# PHP script per JAVASCRIPT starten



## volker pakutelli (6. August 2003)

hi
dumme frage, aber ich hab halt echt keinen plan von javascript... mein javascript soll unter bestimmten umständen einfach ein PHP script aufrufen bzw. einige PHP befehle ausführen

danke für eventuelle antworten


----------



## vogtländer (6. August 2003)

Javascript soll einige PHP-Befehle ausführen? Das wird dir nicht gelingen.

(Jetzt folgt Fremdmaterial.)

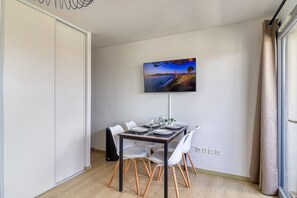 A dining area with a table set for four, a flat-screen TV mounted on the wall, and a sliding door on the left. - Le Studio des Peupliers - 30m de la plage (Bray-Dunes)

Du kannst lediglich mit JS ein ganzes PHP-Script starten, das sieht aber genauso aus, als würdest du eine HTML-Datei aufrufen:

this.location.replace("bla.php");

Mehr wird nicht gehen, außer dass du Parameter übergeben kannst.

Gruß
Falk


----------



## volker pakutelli (6. August 2003)

danke, das sollte schicken ;-)


----------



## wolfgang_s (8. August 2003)

Hallo!

da gibts schon noch andere Möglichkeiten.

beispiel

<a href="javascript:tues()">


function tues()
{
x=new Image()
x.src="deinephpdatei.php"
}


dabei machst du dir die dummheit des Browsers zu nutze. 

bei der zuweisung an das image weiss der Browser nicht was er da anfordert. wenn ers merkt ists zu spät, und das script ist ausgeführt.

cu


----------



## volker pakutelli (8. August 2003)

auch janz nett, aber funktioniert schon. danke!!


----------